INSTRUCTIONS FOR THE TASK
Print the data exactly as written, line for line, and leave its pictures behind.

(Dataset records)
----------
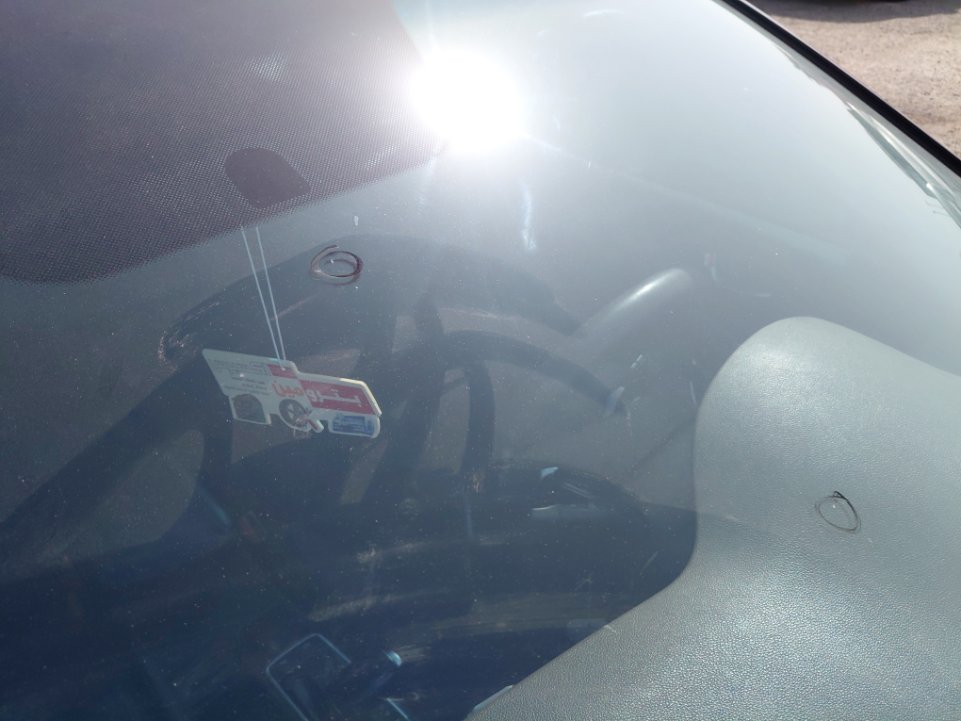 كيا أوبتيما JF EX FWD 2019 image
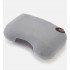 Подушка надувна Rab Stratosphere Pillow Graphene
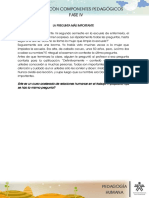 LECTURAS  C. PEDAGOGIA_f4.pdf
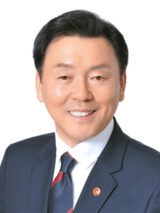 양윤녕 "제주 경제 체질 개선, 내수경제 강화 추진"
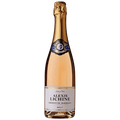 Alexis Lichine Cremant De Bordeaux Brut Rose 750 ML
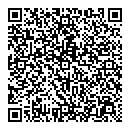 QR код "Модница"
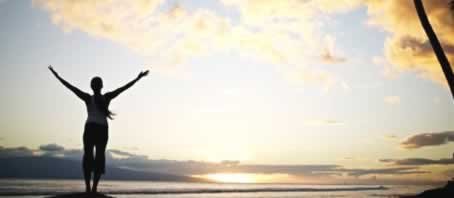 BLOG GRANDE INTERNO_RITUAL DO TEMPLO INTERIOR BLOG GRANDE INTERNO_RITUAL DO TEMPLO INTERIOR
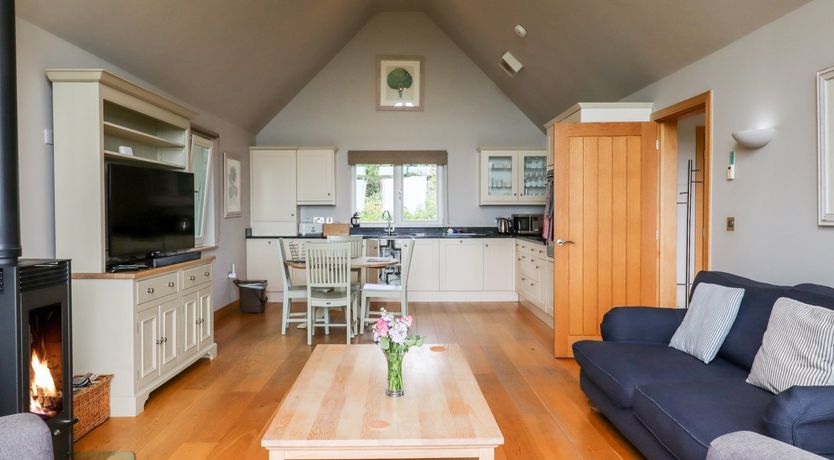 Photo of Swandown, 9 Kittwhistle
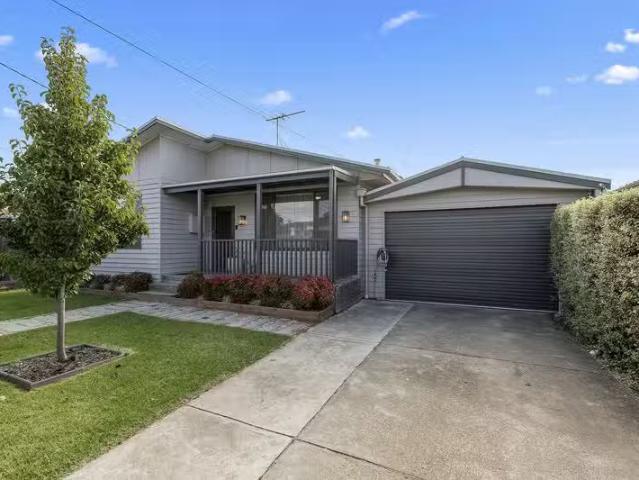 House for rent in Batesford, Victoria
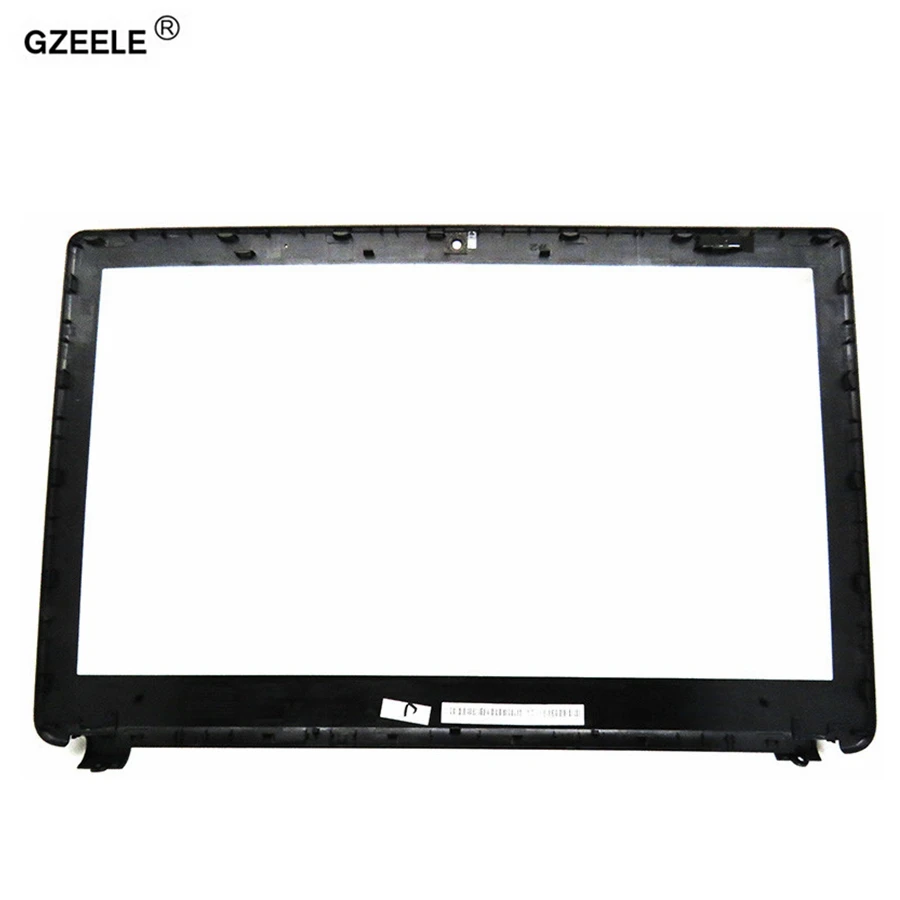 Чехол для ноутбука GZEELE LCD с передней рамкой Acer Aspire E1 510 530 532 570 572 V5WE2 Z5WE1|cases for acer|laptop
----------
TASK OUTPUT
 كيا أوبتيما JF EX FWD 2019 image
 Подушка надувна Rab Stratosphere Pillow Graphene
 LECTURAS  C. PEDAGOGIA_f4.pdf
 양윤녕 "제주 경제 체질 개선, 내수경제 강화 추진"
 Alexis Lichine Cremant De Bordeaux Brut Rose 750 ML
 QR код "Модница"
 BLOG GRANDE INTERNO_RITUAL DO TEMPLO INTERIOR BLOG GRANDE INTERNO_RITUAL DO TEMPLO INTERIOR
 Photo of Swandown, 9 Kittwhistle
 House for rent in Batesford, Victoria
 Чехол для ноутбука GZEELE LCD с передней рамкой Acer Aspire E1 510 530 532 570 572 V5WE2 Z5WE1|cases for acer|laptop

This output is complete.